I caught a few channel last winter from the river using cut pieces of shad I froze the previous fall. I did not get any shad this past fall to freeze, so I am bumming right now for the bait I want. Hopefully I can get out to get some shad somewhere before the first tourney!


----------



## Raines (Jan 28, 2005)

my freezer had the same problem till i went to santee in feb. before leaving bassman23 and i were going to spend the rest of our money on shad just to take the pressure off,then the guy running the camp said "YOU YANKS BUY THAT COOLER AND I'LL FILL IT W/ SHAD" so for 7bucks a piece we got around 50 pounds of shad. not to mention money left over that our wives didn't know about. about the cats if you can boat it find the hole in your stretch of river thats got the best looking cover,depth and if there is any kind of slower current around .with a good fish finder you bound to stumble onto some good spots.HOPEFULLY WE HAVE A SPRING AND COLD WATERS NOT AN ISSUE FOR MUCH LONGER. good luck


----------



## H2O Mellon (Apr 5, 2004)

I would buy a cooler full of Shad for $7 any day! Man, I wish I could find somethign liek that around here.


----------



## flathunter (Apr 5, 2004)

Bryan, I remember when I had a bunch of fresh shad, and you insisted of fishing with chicken breast


----------



## H2O Mellon (Apr 5, 2004)

Shut up Jack, Man how many times do I have to tell ya', thats my secret bait!


----------



## RiverRat (Apr 5, 2004)

You can catch cats all winter long in certain river systems(ie Ohio river).
My normal season starts for channel cats around mid March most years and runs to late Nov. early Dec.

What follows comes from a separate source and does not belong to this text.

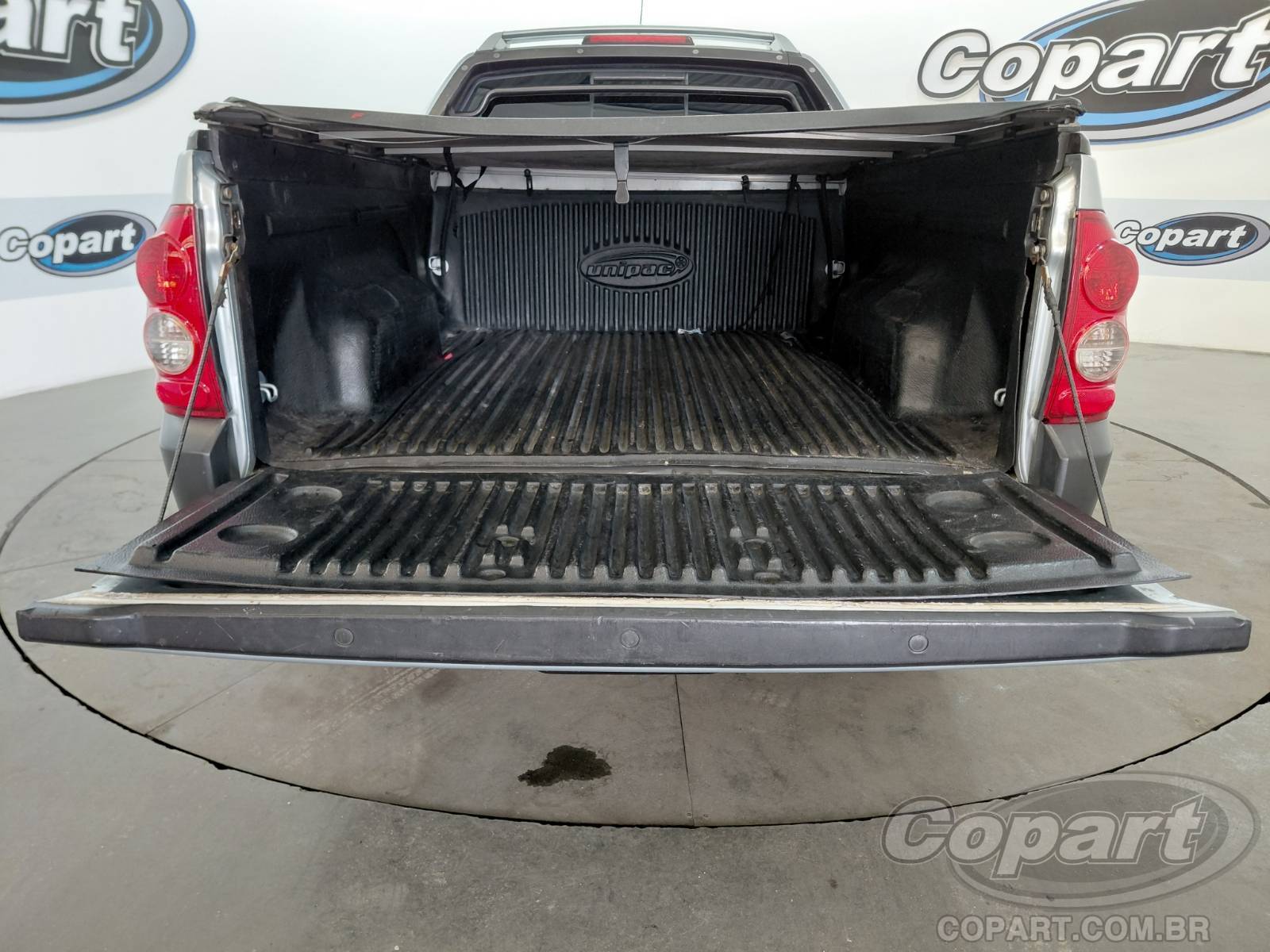 2009 CHEVROLET MONTANA — foto 6 de 10
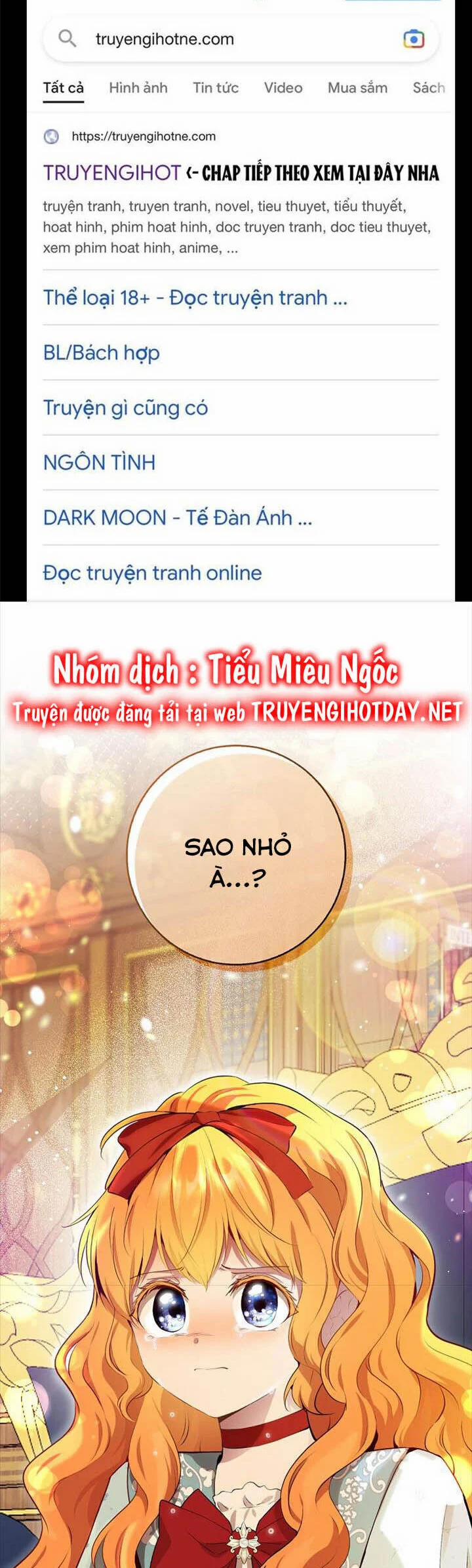 Sóc Nhỏ Tài Năng 80 trang 1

Cut bait is all i use....for me the fresher the better.

Scott


----------



## husky hooker (Apr 6, 2004)

as a backup cutbait i always did pretty good in the tusc with ocean perch from the store. cut it up and it stAYS ON GREAT AND IF YOU EVER SMELLED OCEAN PERCH YOU KNOW WHAT MEAN!


----------



## mastercatman (Jan 30, 2005)

I just wanted to say this about fishin the tusc this time of year. If finding cutbait is really an issue I guarantee you will have just as good of success with nightcrawlers. I live directly across the street from the tusc and have been fishing it for about 17 years in canal fulton. I have fished night crawlers and cut bait consisting of shad, suckers, carp, and chubs side by side with little variance in preference this time of year. This will change though as the water warms you will find that channel cats will show preference to fresh cut baits. This time of year there is more precipitation that washes more food sources including nightcrawlers naturally into the river systems.


----------



## pendog66 (Mar 23, 2005)

I have caught catfish on hot dogs. shrimp. cutbait, and nightcrawlers. But by far the best bait i've used for a big catfish is a sunfish. Catch a small sunfish and prepare for a fight of a lifetime


----------